9. Texas Rangers (90–72)
This is a fearsome lineup, anchored by likely AL MVP finalist Corey Seager, who’s one of 10 players here to have finished the season with double-digit home runs. But unfortunately for Texas, that lineup is paired with an injury-bitten rotation and a middling bullpen. This pitching staff will enter the playoffs missing both Jon Gray and Max Scherzer. (Erstwhile ace Jacob deGrom, of course, has been out for months recovering from Tommy John surgery.) Even for a lineup this powerful, that’s a lot to cover.
10. Minnesota Twins (87–75)
Book it: This is the year the Twins finally end their playoff victory drought. Their pitching staff is among the strongest in baseball, and on the strength of that group alone, it seems reasonable to expect one win. Could one reasonably expect any more than that? …Maybe. But this lineup ended the year so plagued by injuries that it’s hard to bump Minnesota much further up this list.

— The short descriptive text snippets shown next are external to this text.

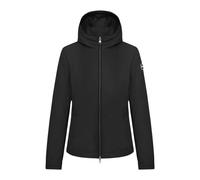 Colmar - Veste 1964 - Femme - Sport - Noir - Taille: 36 FR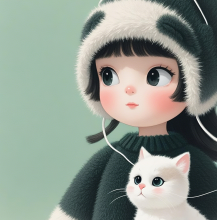 、yi●片空白頭像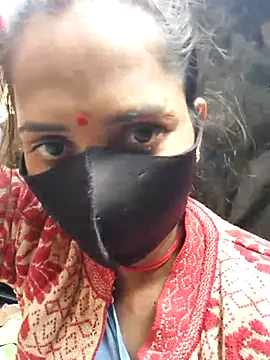 Punam panjabi online show from 8, 2, 2026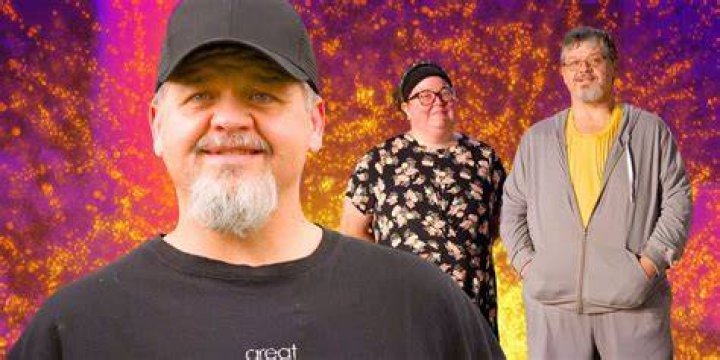 Chris Combs' Current Health Status: Staying Informed with Care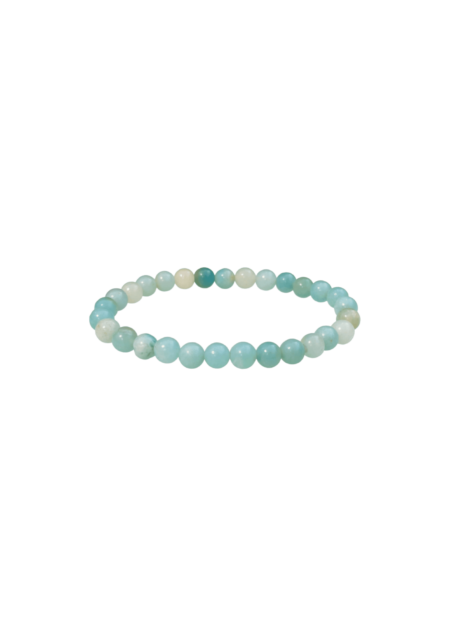 Amazonite
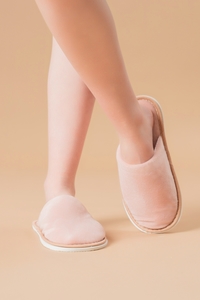 9219930 eedda784 9344 410d a663 e3c1cb89770e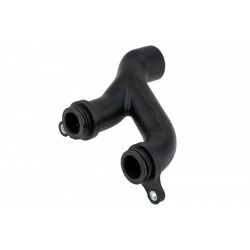 HŰTŐFOLYADÉK VEZETÉK LAND ROVER DISCOVERY IV L319 , V L462 3.0 2013- , RANGE ROVER IV L405 3.0/5.0 2013- , RANGE ROVER SPORT II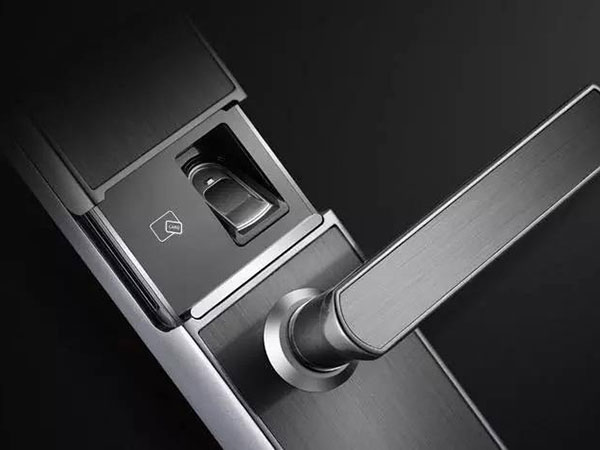 广德24小时上门开锁公司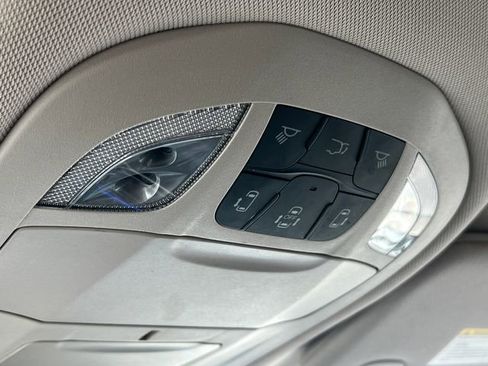 Used 2023 Chrysler Pacifica Touring-L FWD image 30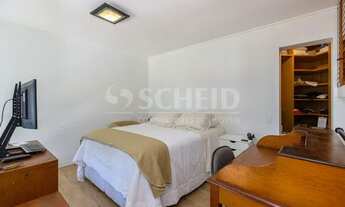 Imagem 1: Ótimo aparamento em Pinheiros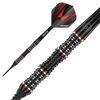 Dardos Winmau Mervyn King 20gr 90% 2440.20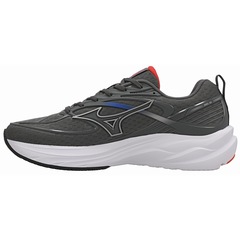 Tens Mizuno Space 6 - Masculino - Foto 2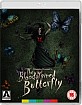 The Bloodstained Butterfly (1971) (Blu-ray + DVD) (UK Import ohne dt. Ton) Blu-ray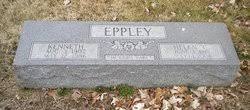 Kenneth <b>Brad Eppley</b> Added by: Lin - 48225856_133964970777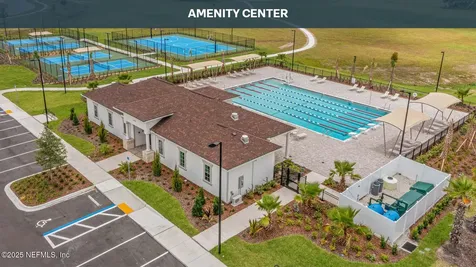 121 Ardila Circle St. Augustine FL 32084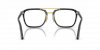 OKULARY KOREKCYJNE PERSOL® PO 0204V 95 54 ROZMIAR M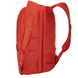 Рюкзак Thule EnRoute Backpack 14L (Olivine/Obsidian), ціна | Фото 7
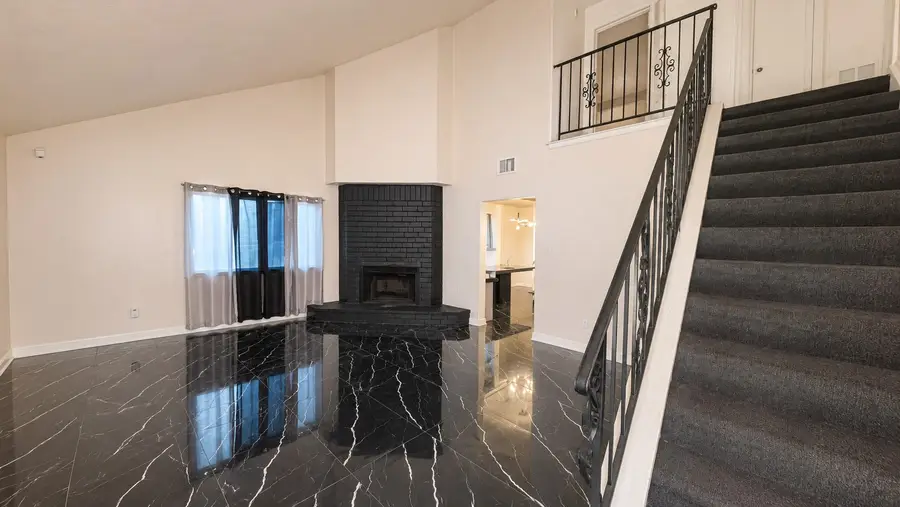 12718 Labelle Lane, Houston, TX 77015 - #3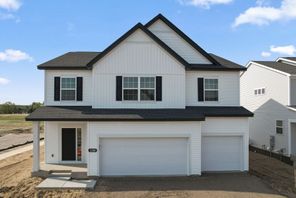 1240 Edge Way (Wilson)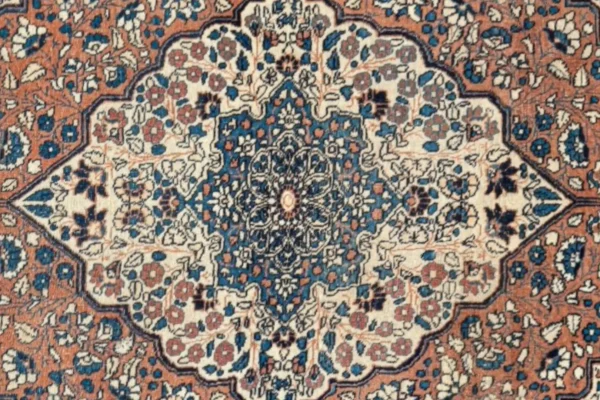 Rug 98239 - Image 7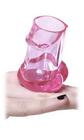 Bp Pecker Shotglass Ring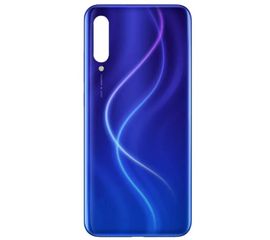 Xiaomi Mi A3 Задняя крышка (снятый, оригинал) Xiaomi - Сервис Плюс Рус
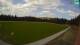 Rogla 30.04.2025 14:04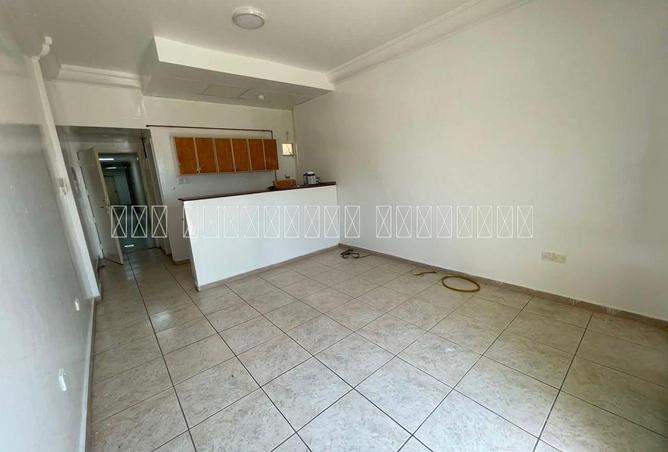 113244076 - Property Image 2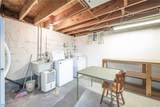 2292 Echo Valley Drive - Photo 28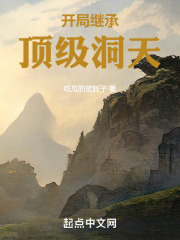 开局继承顶级洞天的小说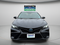 2023 Toyota Camry Hybrid SE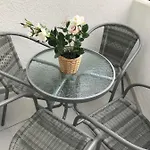 Oasis Paradise Διαμέρισμα Denia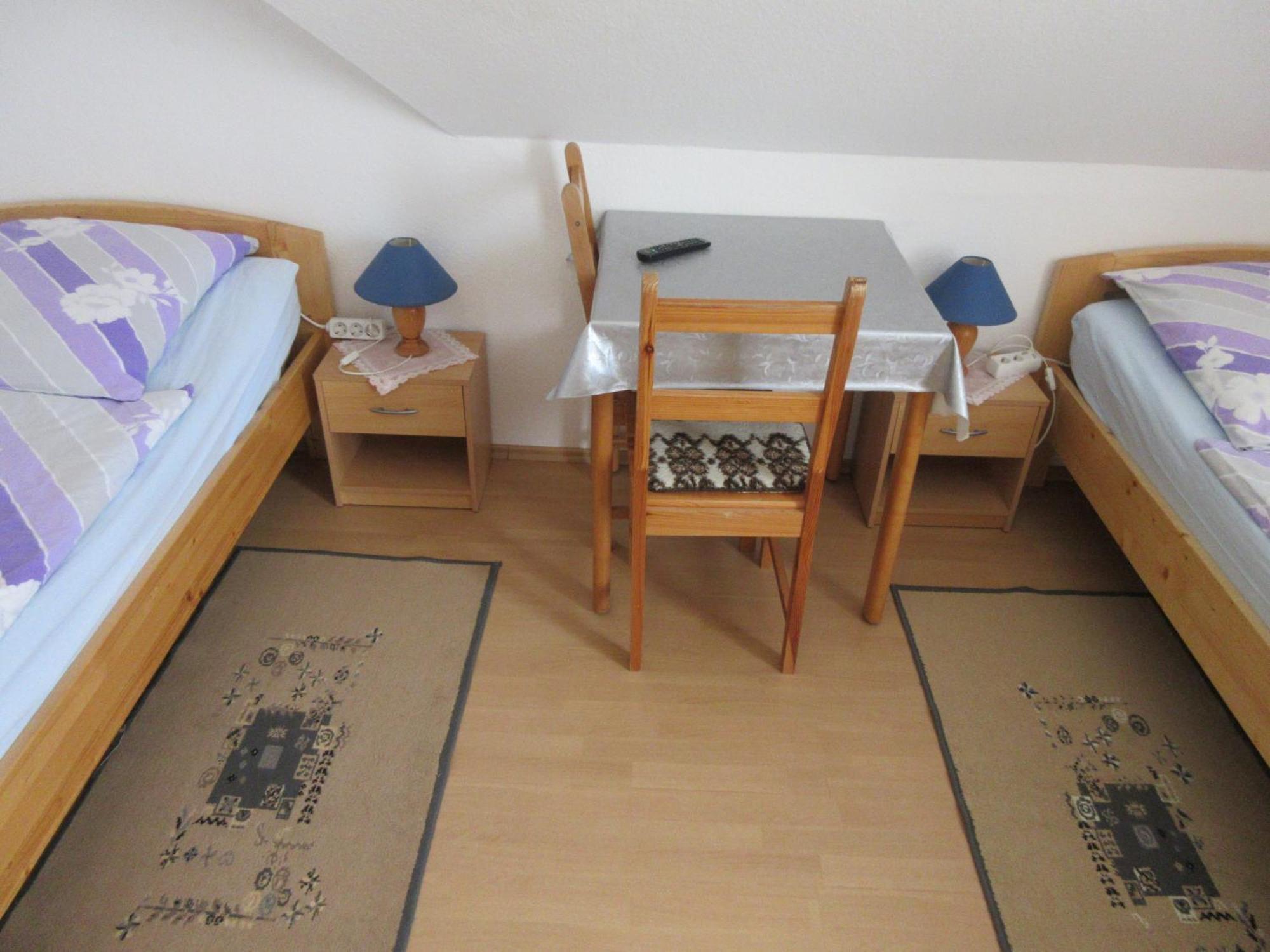 Charmantes Apartment In Mittelfeld Hanower Zewnętrze zdjęcie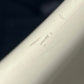 Squier Japan Stratocaster CST50 1983
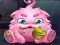 Gra My Space Pet w Internecie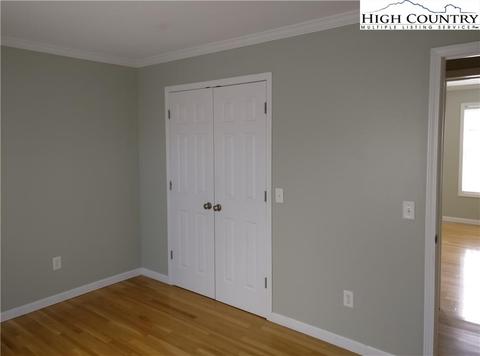 354 Dare Ln, Deep Gap, NC 28618 photo 21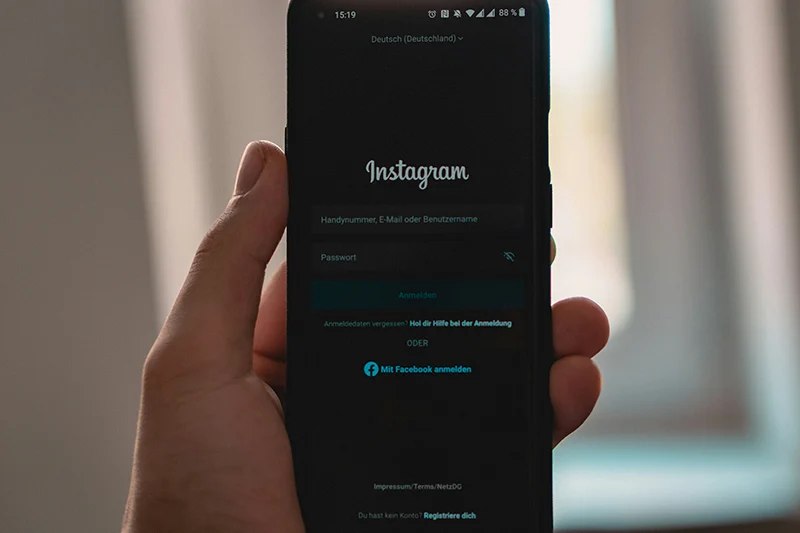 DESACTIVA LAS CONFIRMACIONES DE LECTURA EN INSTAGRAM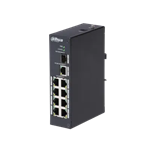 PFS3110-8T
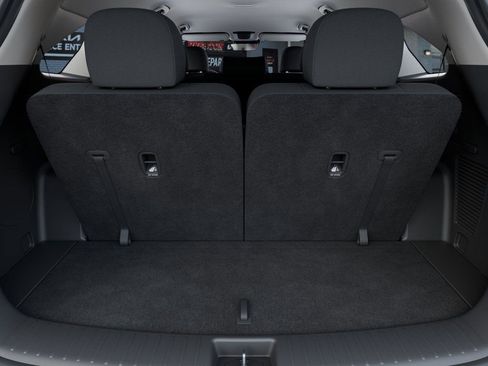 New 2026 Kia Sorento LX FWD image 19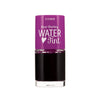 ETUDE HOUSE Dear Darling Water Tint 4 ColorLip stickGlam Secret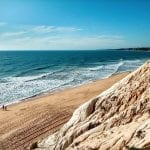 Things to do in the Algarve in the Winter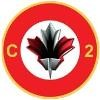 C2 Logo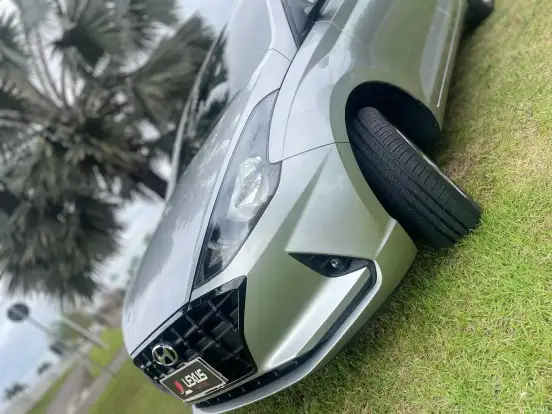 HYUNDAI-HB20S-2020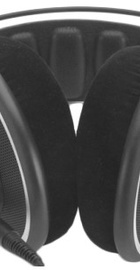 AKG K702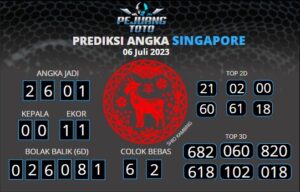 prediksi sgp 06-07-23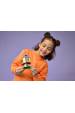 Obrázok pre LEGO DISNEY 43294 Rapunzelina mini věž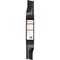 Ariens Apex 52'' Replacement Mower Blade, 3-Count 70763600 - alternate 1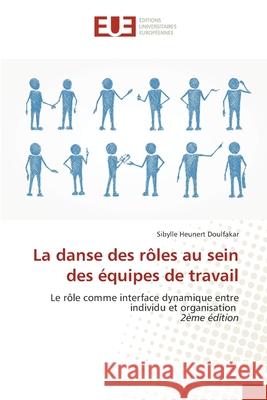 Enhanced training and professional development Rakotozafindrasambo, Paul Jean Samuel 9786138487319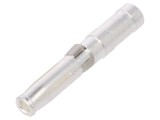 'MC BCEM AG 4.0 D2.5 Conector Femelă'
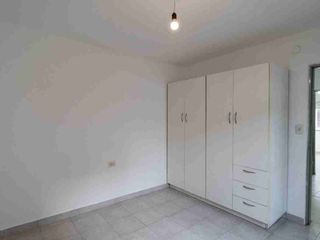 Foto 8 de VENTA CASA 2 DORM BARRIO JARDIN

11. Arizona Diamondbacks (84–78)
The Diamondbacks have some serious bright spots (Corbin Carroll, Zac Gallen) and some serious dull patches. They finished the season with a negative run differential and both an OPS+ (95) and ERA+ (98) below 100—below average in every way. The top of this lineup and front of this rotation can go toe to-toe with just about anyone. But it takes more depth than that to contend in October.
12. Miami Marlins (84–77)
The Marlins aren’t quite like any other team on this list. In an age of strikeouts and slugging, their lineup was built around players who hit for contact, though they did supplement with some power at the trade deadline. They have an astoundingly good record in one-run games and the worst run differential of any playoff team. They’re also missing pitchers Sandy Alcantara and Eury Pérez. And yet they’re here all the same! Which means that while the Marlins might be the last team in our rankings, they’re also a very, very fun choice for an underdog.